Python Example: Multi-Year Career Trajectory

from pybaseball import batting_stats
import pandas as pd

# Get multiple years
years = [2022, 2023, 2024]
all_years = []

for year in years:
    df = batting_stats(year, qual=300)
    df['Season'] = year
    all_years.append(df)

multi_year = pd.concat(all_years, ignore_index=True)

# Calculate career trajectory for specific players
target_players = ['Aaron Judge', 'Juan Soto', 'Mookie Betts']
trajectories = multi_year[multi_year['Name'].isin(target_players)].copy()

trajectories = trajectories.sort_values(['Name', 'Season'])
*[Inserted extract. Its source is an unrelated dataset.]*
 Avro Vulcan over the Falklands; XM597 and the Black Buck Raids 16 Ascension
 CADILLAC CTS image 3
# Calculate year-over-year changes
trajectories['HR_yoy'] = trajectories.groupby('Name')['HR'].diff()
trajectories['AVG_yoy'] = trajectories.groupby('Name')['AVG'].diff()
trajectories['OPS_yoy'] = trajectories.groupby('Name')['OPS'].diff()

# View trajectories
trajectory_summary = trajectories[[
    'Name', 'Season', 'HR', 'HR_yoy', 'AVG', 'AVG_yoy', 'OPS', 'OPS_yoy'
]].round(3)

print(trajectory_summary)

2.3.4 Split Analysis (home/away, vs LHP/RHP) {#split-analysis}

Splits reveal situational performance patterns crucial for lineup construction and matchup decisions.
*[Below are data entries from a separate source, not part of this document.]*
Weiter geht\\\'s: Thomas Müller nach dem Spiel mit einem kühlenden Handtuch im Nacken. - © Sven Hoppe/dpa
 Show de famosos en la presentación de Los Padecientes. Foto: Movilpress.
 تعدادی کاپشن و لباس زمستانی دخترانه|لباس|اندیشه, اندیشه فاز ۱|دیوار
R Example: Home/Road Splits

# Using baseballr to get splits (if available in your version)
# Alternative: simulate or load from Baseball Reference

# Simulated home/road data
set.seed(456)
player_splits <- expand.grid(
  player = c("Aaron Judge", "Juan Soto", "Shohei Ohtani"),
  split = c("Home", "Away")
) %>%
  mutate(
    PA = sample(250:350, n(), replace = TRUE),
    HR = case_when(
      split == "Home" ~ rpois(n(), lambda = 25),
      TRUE ~ rpois(n(), lambda = 18)
    ),
    AVG = case_when(
      split == "Home" ~ runif(n(), .270, .340),
      TRUE ~ runif(n(), .240, .310)
    ),
    OPS = case_when(
      split == "Home" ~ runif(n(), .850, 1.100),
      TRUE ~ runif(n(), .750, .950)
    )
  )

# Calculate home/away differentials
split_comparison <- player_splits %>%
  pivot_wider(
    id_cols = player,
    names_from = split,
    values_from = c(PA, HR, AVG, OPS)
  ) %>%
  mutate(
    HR_diff = HR_Home - HR_Away,
    AVG_diff = AVG_Home - AVG_Away,
    OPS_diff = OPS_Home - OPS_Away,
    home_advantage = case_when(
      OPS_diff > 0.100 ~ "Strong home hitter",
      OPS_diff > 0.050 ~ "Slight home advantage",
      OPS_diff > -0.050 ~ "Neutral",
      TRUE ~ "Better away"
    )
  )

print(split_comparison)

Python Example: LHP/RHP Splits

import pandas as pd
import numpy as np

# Simulate platoon splits data
np.random.seed(789)
players = ['Judge', 'Soto', 'Ohtani', 'Betts', 'Freeman']
handedness = ['vs_LHP', 'vs_RHP']

split_data = []
for player in players:
    for hand in handedness:
        # RHB typically better vs LHP
        if hand == 'vs_LHP':
            avg = np.random.uniform(0.280, 0.340)
            slg = np.random.uniform(0.520, 0.720)
            pa = np.random.randint(150, 250)
        else:
            avg = np.random.uniform(0.250, 0.310)
            slg = np.random.uniform(0.450, 0.620)
            pa = np.random.randint(350, 450)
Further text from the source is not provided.